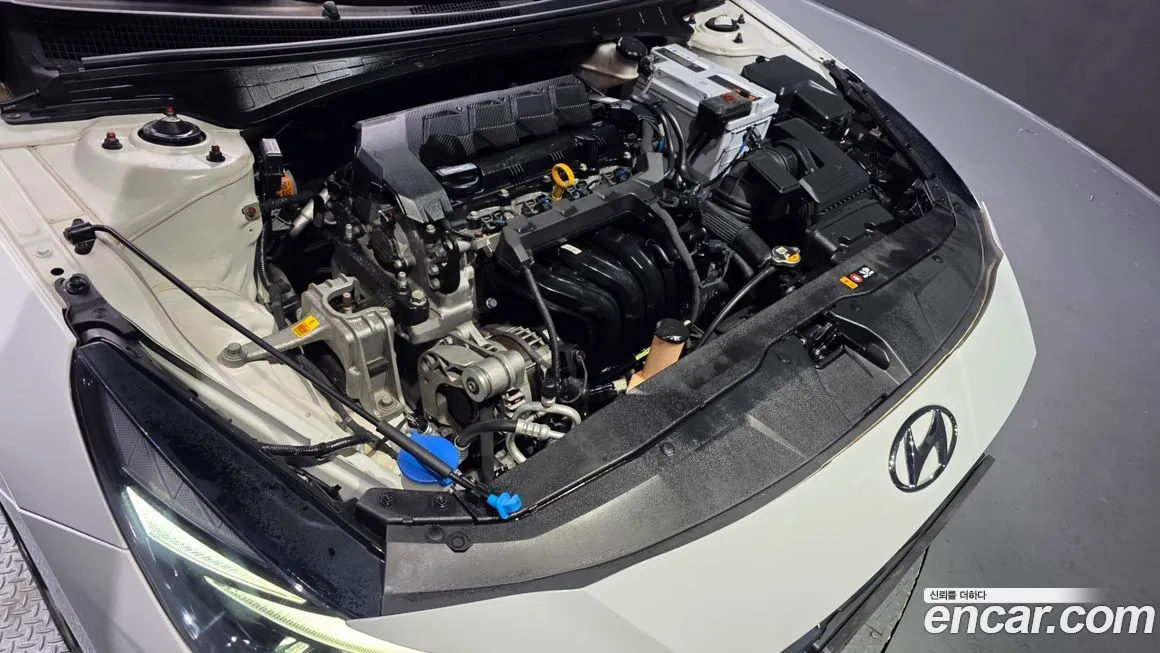 Hyundai AVANTE 2021 из KR, фото 10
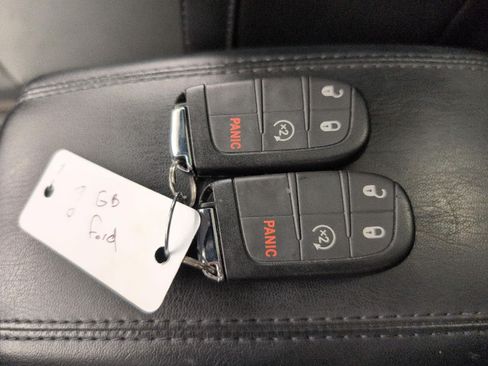 Used 2023 Jeep Compass Limited w/ Sun and Sound Group AWD/4WD image 16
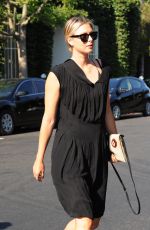 MARIA SHARAPOVA Out and About in Los Angeles 08/01/2016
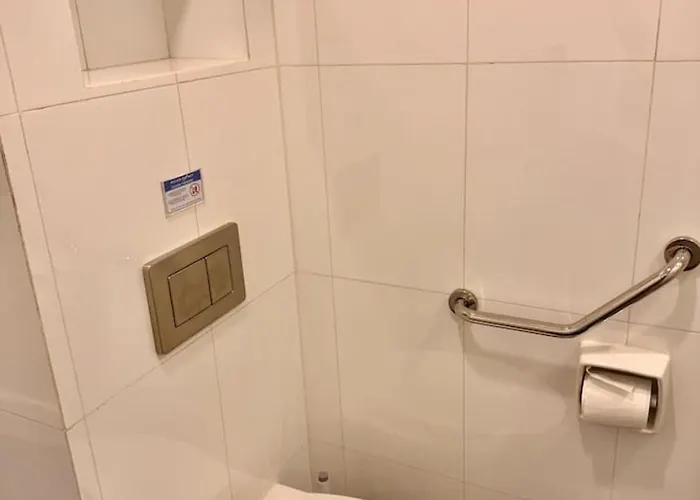 Apartment Elegant 4br Penthouse In Bgc Manila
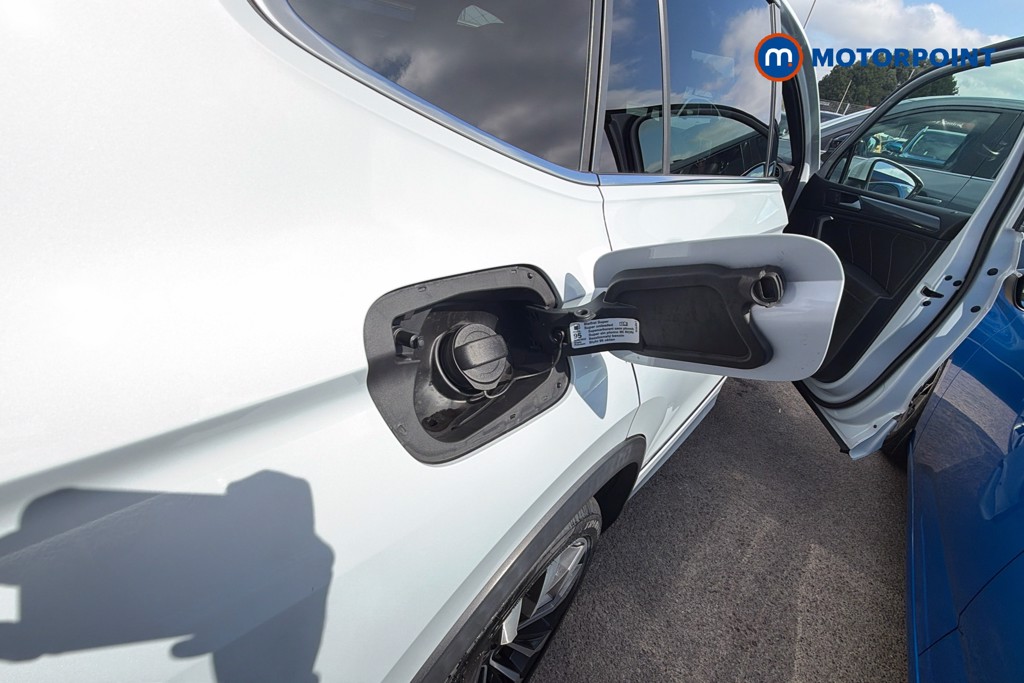 Volkswagen Tiguan Allspace R-Line Automatic Petrol SUV - Stock Number (1660341) - 41st supplementary image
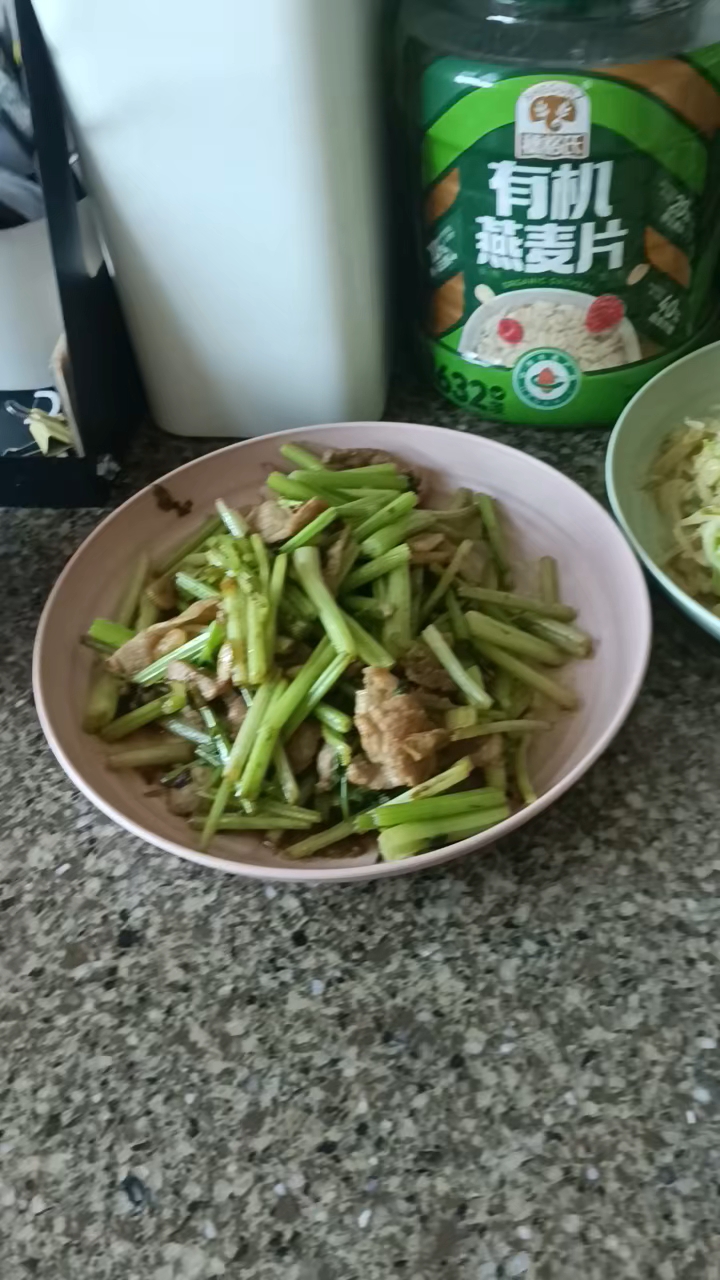 芹菜炒肉,上海青虾仁,凉拌黄瓜杭椒,炒饼,韭菜鸡蛋扇贝盒子,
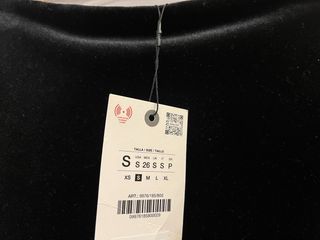 Falda Zara asimétrica terciopelo y encaje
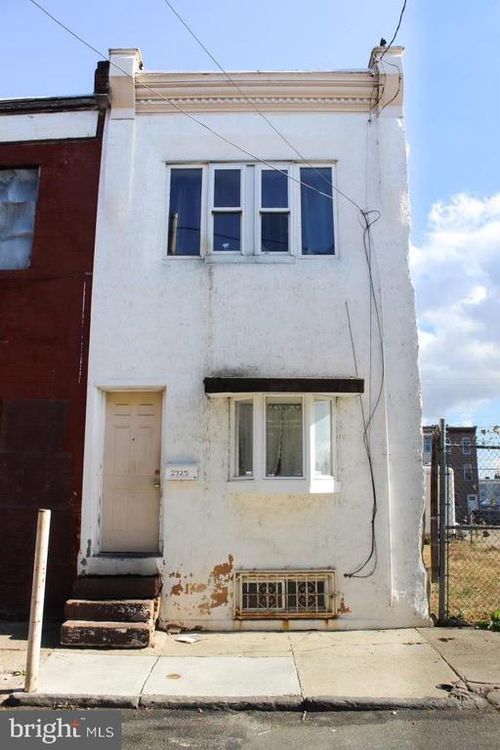 2725 N Philip St, PHILADELPHIA, PA, 19133-3512 | Card Image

= = = = = = =

## TASK PROMPT
Copy out exactly the lines from the one with "Apartment Elegant 4br" through the end of the listing, both ends included, omitting any picture.

## RESULT BELOW
 Apartment Elegant 4br Penthouse In Bgc Manila
 Volkswagen Tiguan Allspace R-Line Automatic Petrol SUV - Stock Number (1660341) - 41st supplementary image
 芹菜炒肉,上海青虾仁,凉拌黄瓜杭椒,炒饼,韭菜鸡蛋扇贝盒子,
 Falda Zara asimétrica terciopelo y encaje
 2725 N Philip St, PHILADELPHIA, PA, 19133-3512 | Card Image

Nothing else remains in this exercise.